Now, a word about the Palestinian conflict; people tell me this often, don’t touch this issue. This is the third rail of Israeli diplomacy. I am told it is the burial ground of all the envoys who have come before me, none of whom, regrettably, have much to show for a life’s work in the field.
People say, why do you need this aggravation? They say, for God’s sake, you have your name carved in stone on the Jerusalem embassy. Take a victory lap. It’s not going to get any better than this. With all that the Trump administration has done for Israel, why should we risk all that good will by addressing the thankless task of pursuing peace by seeking an end to a seemingly endless conflict? How can we? The answer, my friends, is how can we not?
How can we kick the can down the road and leave this to our successors? Sure, that would be easier. That doesn’t make it right. Can we leave this to an administration that may not understand the existential risk to Israel if Judea and Samaria are overcome by terrorism in the manner that befell the Gaza Strip after the IDF withdrew from this territory? Can we leave this to an administration that may not understand the need for Israel to maintain overriding security control of Judea and Samaria and a permanent defense position in the Jordan valley?
Can we leave this to an administration that may not recognize that under Israeli sovereignty, Jerusalem for the first time in 2,000 years has become a dynamic and prosperous city fully open to worshippers of all three Abrahamic faiths? Can we leave this to an administration that may not understand that in the Middle East, peace comes through strength, not just through words on a paper?
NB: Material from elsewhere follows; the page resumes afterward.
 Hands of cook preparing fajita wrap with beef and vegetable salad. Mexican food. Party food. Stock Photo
Can we leave this to an administration potentially willing to penalize Israel for nothing more than having the audacity to survive in a dangerous neighborhood, failing to understand the threats that Israel faces or the care and humanity it deploys to meet those threats.
Can we run the risk that one day the government of Israel will lament, why didn’t we make more progress when U.S. foreign policy was in the hands of President Trump, Vice President Pence, Secretary Pompeo, Ambassador Bolton, Jared Kushner, Jason Greenblatt, and even David Friedman? How can we do that?
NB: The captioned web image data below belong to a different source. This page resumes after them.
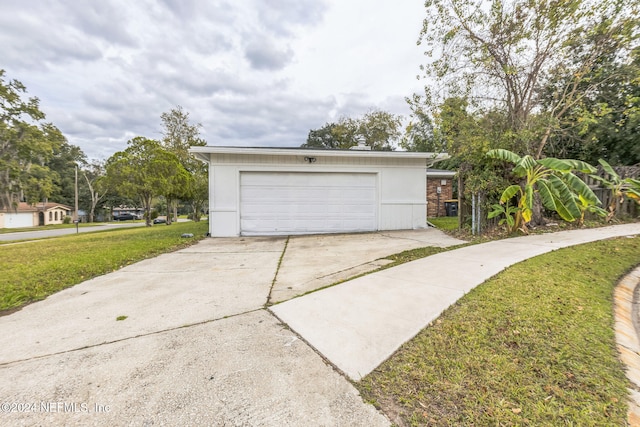 garage featuring a yard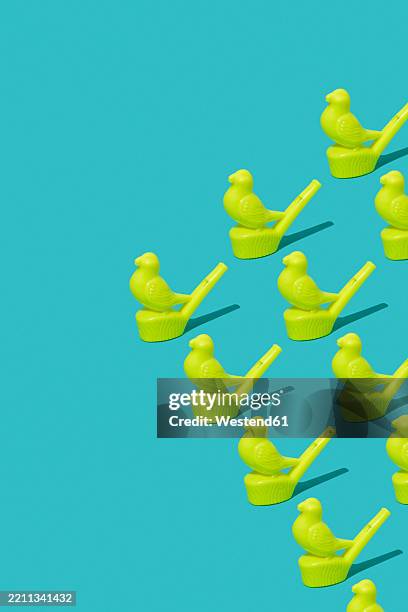 yellow plastic bird-shaped whistles arranged in a triangular formation on a blue background - bird swarm stock illustrations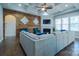 Spacious living room with wood accent wall, coffered ceiling, fireplace, and ample seating at 15125 Skypark Dr, Huntersville, NC 28078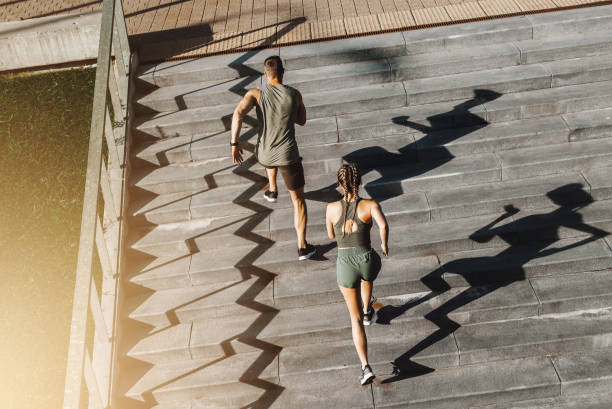 sportive couple are running upstairs in a city - upstairs imagens e fotografias de stock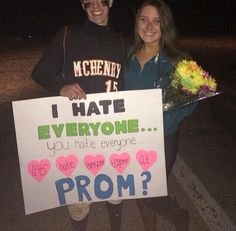 two people holding a sign that says i hate everyone, you hate everyone prom?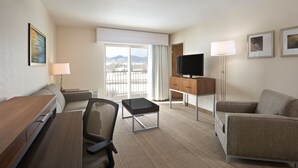 Une chambre d’hôtel équipée d’un bureau, de deux chaises, d’une télévision, d’une lampe et offrant une vue sur les montagnes par la fenêtre.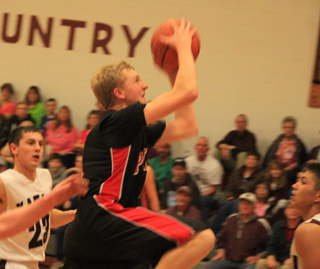 Marcus Higgins drives into the lane for a basket at Kamiah.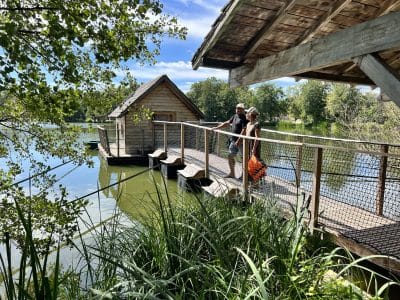 Hébergement insolite en cabane sur leau, ponton en bois entouré de verdure.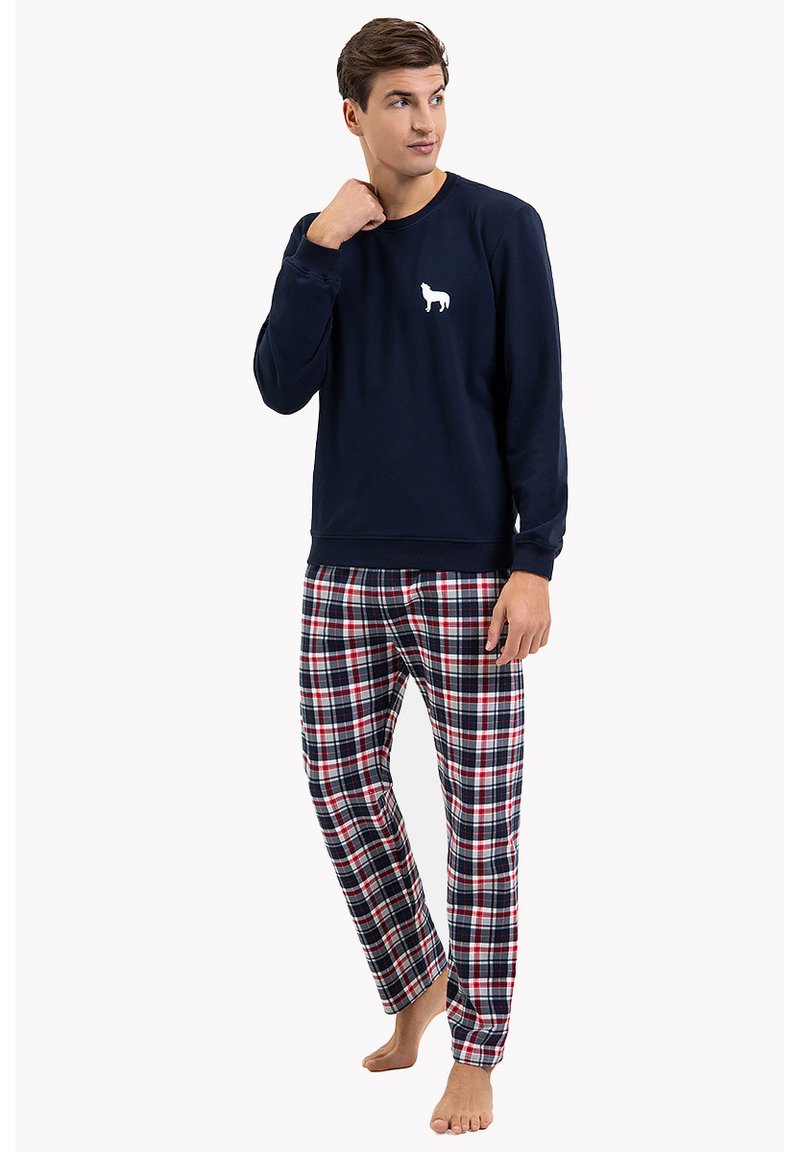 Granatowa bawełniana bluza z białym nadrukiem psa, zestawiona z bawełnianymi spodniami piżamowymi w kratę w kolorach czerwonym, granatowym i białym. Luźny krój.
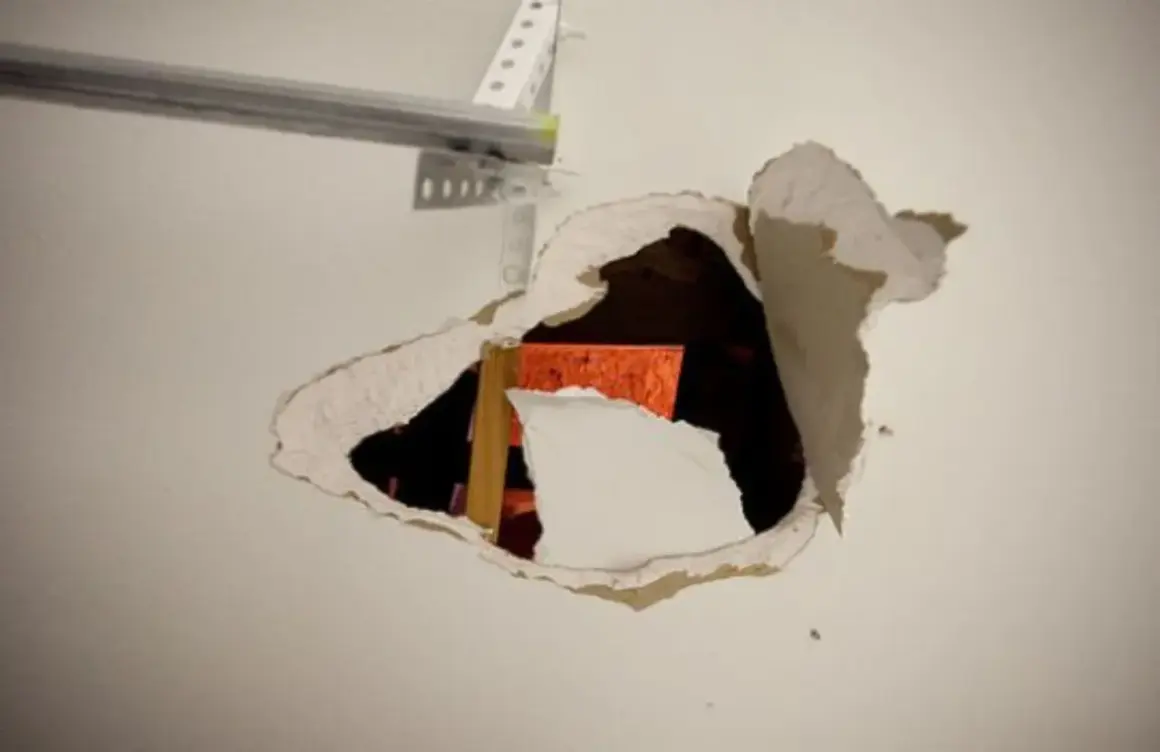 Un **buco nel muro troppo grande** rivela una struttura arancione e un montante di legno.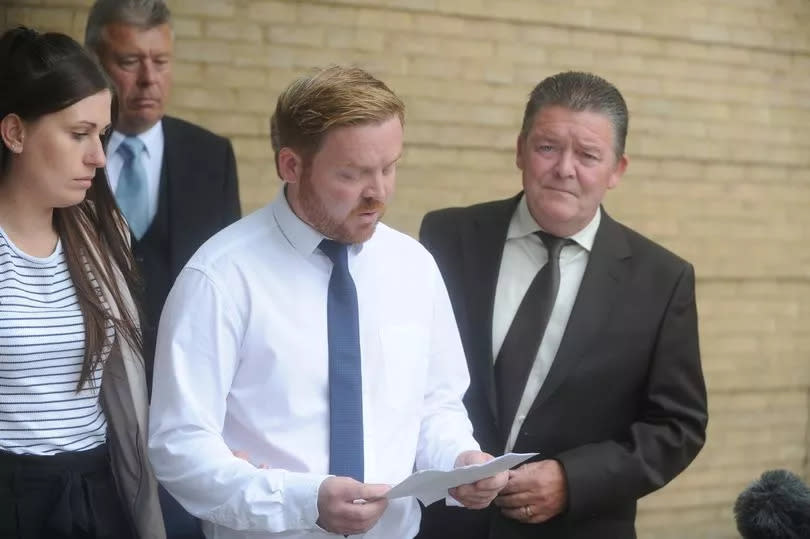 Daniel West reads a statement outside Cambridge Crown Court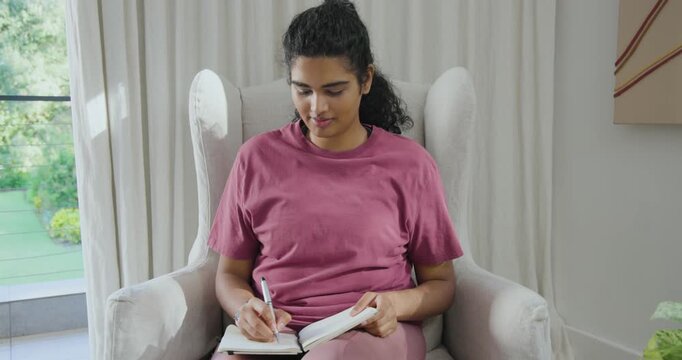 Indian woman reaching, settling back, journaling in journal with pen in magenta tee at window
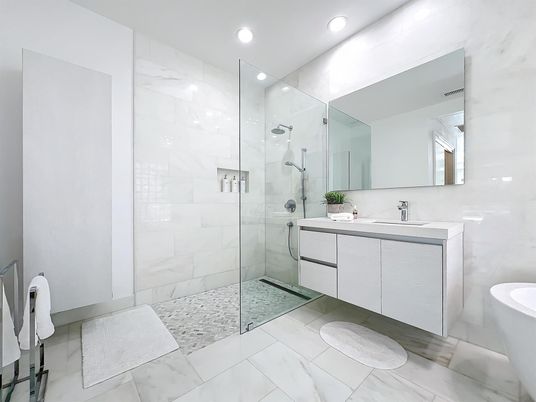 Bathroom, Dual Sink Vanities, Glass Shower, Interior, Marble, Marble Walls, Recessed Lighting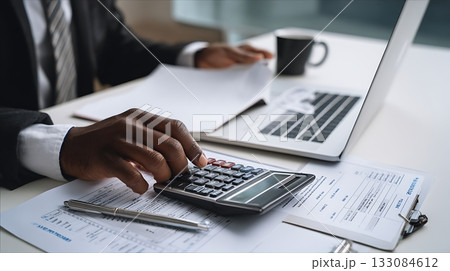 Close-up of hands calculating financial data using calculator and laptop. Business professional analyzing reports and invoices at modern office desk. Finance and accounting concept Close-up of hands calculating financial data using calculator and laptop. Business professional analyzing reports and invoices at modern office desk. Finance and accounting concept 133084612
The answer is, we can’t. We will continue to work with the Israeli government, with the Palestinians, with other regional players, to pursue peace, recognizing that the diversity and strength of opinions on this subject suggests there will be some turbulence along the way. We will continue to pursue peace, because we believe we can be trusted to have the correct perspective and approach.
To all of you here, to all those who may be listening to this speech in the future, to all who love Israel and support the unbreakable bond between the United States and Israel, work with us, stay with us, pray with us for peace in the Holy Land.
King David offered the following prayer some 3,000 years ago in Psalm 128: Yevarechecha Hashem miTzion, Kol y’mei, y’mei chayecha — may God bless you out of Zion and may you see the good in Jerusalem. It’s perhaps an odd choice of words in that last phrase. What was the great warrior poet telling us about seeing the good in Jerusalem?
I think that even three millennia ago, King David recognized that Israel’s enemies would seek to undermine the centrality of Jerusalem to the state of Israel and to mischaracterize and vilify the Jewish state.
He sought God’s intervention for something simple and basic that we not fall for it, that we continue to see the holiness, the beauty, the sanctity of life, and yes, the good in Jerusalem. I’d like to think that God has blessed the Trump administration in this very manner.
King David concluded his prayer, U’reh vanim levanecha, Shalom al Yisrael — may God cause us to see our children’s children and peace upon Israel, and so may it be. May God bless you. May God bless Israel. And may God bless the United States of America. Thank you so much.